There are several approaches available to adjust for differents in the
relative proportion of cell types in whole blood measured from
DNA methylation (DNAm). For example, *reference-based approaches*
require the use of reference data sets made up of purified cell types to
identify cell type-specific DNAm signatures. These cell type-specific DNAm
signatures are used to estimate the relative proportions of cell types
directly, but these reference data sets are laborious and expensive to
collect. Furthermore, these reference data sets will need to be
continuously collected over time as new platform technologies emerge
measuring DNAm because the observed methylation levels for the same CpGs
in the same sample vary depending the platform technology.

In contrast, there are *reference-free approaches*,
which are based on methods related to surrogate variable analysis or
linear mixed models.
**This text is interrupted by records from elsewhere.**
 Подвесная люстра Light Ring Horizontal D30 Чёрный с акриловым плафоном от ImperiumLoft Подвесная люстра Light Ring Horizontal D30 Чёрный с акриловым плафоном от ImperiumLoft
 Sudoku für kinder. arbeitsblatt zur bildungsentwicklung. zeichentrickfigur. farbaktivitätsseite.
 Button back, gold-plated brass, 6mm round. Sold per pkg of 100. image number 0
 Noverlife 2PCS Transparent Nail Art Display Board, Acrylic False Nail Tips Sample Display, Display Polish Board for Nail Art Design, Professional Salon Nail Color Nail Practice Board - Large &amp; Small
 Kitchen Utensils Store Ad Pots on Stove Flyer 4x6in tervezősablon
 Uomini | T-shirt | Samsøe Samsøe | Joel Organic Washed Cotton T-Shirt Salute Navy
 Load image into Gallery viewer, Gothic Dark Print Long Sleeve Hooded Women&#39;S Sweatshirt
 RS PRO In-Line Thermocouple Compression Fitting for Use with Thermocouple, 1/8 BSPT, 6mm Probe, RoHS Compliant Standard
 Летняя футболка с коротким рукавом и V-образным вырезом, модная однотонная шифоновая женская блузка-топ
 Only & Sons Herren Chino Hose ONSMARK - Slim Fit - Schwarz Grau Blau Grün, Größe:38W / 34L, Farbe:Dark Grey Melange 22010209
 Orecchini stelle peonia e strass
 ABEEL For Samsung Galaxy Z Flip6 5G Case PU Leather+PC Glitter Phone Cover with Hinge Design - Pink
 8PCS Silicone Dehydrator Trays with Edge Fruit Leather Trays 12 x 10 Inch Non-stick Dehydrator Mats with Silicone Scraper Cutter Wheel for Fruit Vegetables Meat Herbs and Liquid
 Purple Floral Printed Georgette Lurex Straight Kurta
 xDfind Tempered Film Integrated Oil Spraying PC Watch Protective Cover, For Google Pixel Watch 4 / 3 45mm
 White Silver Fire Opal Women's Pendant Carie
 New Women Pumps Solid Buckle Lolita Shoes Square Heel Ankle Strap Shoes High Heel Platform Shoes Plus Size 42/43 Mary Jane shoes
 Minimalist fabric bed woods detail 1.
These approaches do not provide
estimates of the relative proportions of cell types, but rather these
methods just remove the variability induced from the differences in
relative cell type proportions in whole blood samples.

Here, we present a statistical model that estimates the cell composition
of whole blood samples measured from DNAm. The method can be applied
to microarray or sequencing data (for example whole-genome bisulfite
sequencing data, WGBS, reduced representation bisulfite sequencing
data, RRBS). Our method is based on the
idea of identifying informative genomic regions that are clearly
methylated or unmethylated for each cell type, which permits
estimation in multiple platform technologies as cell types preserve
their methylation state in regions independent of platform despite
observed measurements being platform dependent.


# Getting Started

Load the `methylCC` R package and other packages that we'll need 
later on.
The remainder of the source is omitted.